Questo schema è un primo (un po’ timido) tentativo di definire in modo chiaro i parametri di certificazione per una figura così delicata, ma a mio avviso in Italia sarebbe utile proporre uno schema ben più rigido e legato alla nostra specifica esperienza in materia (che senz’altro può essere presa come punto di riferimento in Europa e guidare così scelte consapevoli da parte degli altri Stati membri).
[11] Considerando 97: per i trattamenti effettuati da un’autorità pubblica, eccettuate le autorità giurisdizionali o autorità giudiziarie indipendenti quando esercitano le loro funzioni giurisdizionali, o per i trattamenti effettuati nel settore privato da un titolare del trattamento le cui attività principali consistono in trattamenti che richiedono un monitoraggio regolare e sistematico degli interessati su larga scala, o ove le attività principali del titolare del trattamento o del responsabile del trattamento consistano nel trattamento su larga scala di categorie particolari di dati personali e di dati relativi alle condanne penali e ai reati, il titolare del trattamento o il responsabile del trattamento dovrebbe essere assistito da una persona che abbia una conoscenza specialistica della normativa e delle pratiche in materia di protezione dei dati nel controllo del rispetto a livello interno del presente regolamento. Nel settore privato le attività principali del titolare del trattamento riguardano le sue attività primarie ed esulano dal trattamento dei dati personali come attività accessoria. Il livello necessario di conoscenza specialistica dovrebbe essere determinato in particolare in base ai trattamenti di dati effettuati e alla protezione richiesta per i dati personali trattati dal titolare del trattamento o dal responsabile del trattamento. Tali responsabili della protezione dei dati, dipendenti o meno del titolare del trattamento, dovrebbero poter adempiere alle funzioni e ai compiti loro incombenti in maniera indipendente.

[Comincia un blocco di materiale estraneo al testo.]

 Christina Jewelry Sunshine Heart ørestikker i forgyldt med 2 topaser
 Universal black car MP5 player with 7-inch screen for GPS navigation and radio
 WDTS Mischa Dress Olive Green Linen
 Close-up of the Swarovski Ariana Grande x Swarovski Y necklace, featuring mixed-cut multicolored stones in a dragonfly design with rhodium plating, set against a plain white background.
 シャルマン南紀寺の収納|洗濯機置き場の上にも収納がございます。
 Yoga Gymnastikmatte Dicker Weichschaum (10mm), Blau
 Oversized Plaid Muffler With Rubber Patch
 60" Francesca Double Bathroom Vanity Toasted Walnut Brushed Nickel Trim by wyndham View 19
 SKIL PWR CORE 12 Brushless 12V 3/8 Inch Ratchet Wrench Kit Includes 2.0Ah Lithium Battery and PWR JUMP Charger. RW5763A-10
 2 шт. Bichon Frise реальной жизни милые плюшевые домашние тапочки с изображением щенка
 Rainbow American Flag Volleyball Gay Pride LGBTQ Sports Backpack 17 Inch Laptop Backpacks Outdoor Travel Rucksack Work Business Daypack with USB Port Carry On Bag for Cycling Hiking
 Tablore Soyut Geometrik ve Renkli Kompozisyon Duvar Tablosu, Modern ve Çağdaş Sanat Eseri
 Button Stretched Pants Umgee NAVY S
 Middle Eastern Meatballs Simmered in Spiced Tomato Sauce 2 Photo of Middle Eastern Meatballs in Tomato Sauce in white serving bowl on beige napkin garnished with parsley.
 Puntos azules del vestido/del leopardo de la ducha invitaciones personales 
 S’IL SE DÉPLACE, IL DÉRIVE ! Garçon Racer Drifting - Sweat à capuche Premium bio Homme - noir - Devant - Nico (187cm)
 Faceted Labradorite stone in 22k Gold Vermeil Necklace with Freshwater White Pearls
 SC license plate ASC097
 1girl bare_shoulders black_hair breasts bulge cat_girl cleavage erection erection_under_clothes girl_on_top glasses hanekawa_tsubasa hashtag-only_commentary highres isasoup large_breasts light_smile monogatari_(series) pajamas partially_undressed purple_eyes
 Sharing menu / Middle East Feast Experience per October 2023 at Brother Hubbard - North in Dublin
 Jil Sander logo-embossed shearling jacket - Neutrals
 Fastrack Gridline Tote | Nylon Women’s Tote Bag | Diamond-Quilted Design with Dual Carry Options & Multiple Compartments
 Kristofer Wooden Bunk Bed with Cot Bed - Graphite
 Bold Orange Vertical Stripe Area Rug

[12] Questa è l’unica effettiva (pur se molto relativa) differenza tra il DPO e il Responsabile del trattamento dei dati come indicato nella sua genericità dall’art. 29 del Codice. Anche se – a leggere bene l’art. 29 – il legislatore italiano afferma nel comma 2 del citato articolo che “i compiti affidati al responsabile sono analiticamente specificati per iscritto dal titolare”, ma non precisa che questi compiti debbano essere svolti seguendo precise istruzioni, anzi…
[13] Decreto Legislativo 8 giugno 2001, n. 231 “Disciplina della responsabilità amministrativa delle persone giuridiche, delle società e delle associazioni anche prive di personalità giuridica, a norma dell’articolo 11 della legge 29 settembre 2000, n. 300” pubblicato nella Gazzetta Ufficiale n. 140 del 19 giugno 2001.
[14] Leggasi Organismo di Vigilanza.
[15] Le stesse Linee Guida DPO hanno precisato che occorre prestare massima attenzione a situazioni interne di conflitto di interesse, laddove a pag. 17 affermano che “a grandi linee, possono sussistere situazioni di conflitto all’interno dell’organizzazione del titolare o del responsabile riguardo a ruoli manageriali di vertice (amministratore delegato,responsabile operativo, responsabile finanziario, responsabile sanitario, direzione marketing, direzione risorse umane, responsabile IT), ma anche rispetto a posizioni gerarchicamente inferiori se queste ultime comportano la determinazione di finalità o mezzi del trattamento”.
[16] In proposito rinviamo a questo contributo.
[17] Ovvio che si dovrà prestare massima attenzione nella definizione dei contratti di servizi anche al fine di evitare conflitti di interesse nell’affidamento di queste delicate funzioni e nelle Linee Guida sui DPO ci sono già alcune indicazioni in tal senso.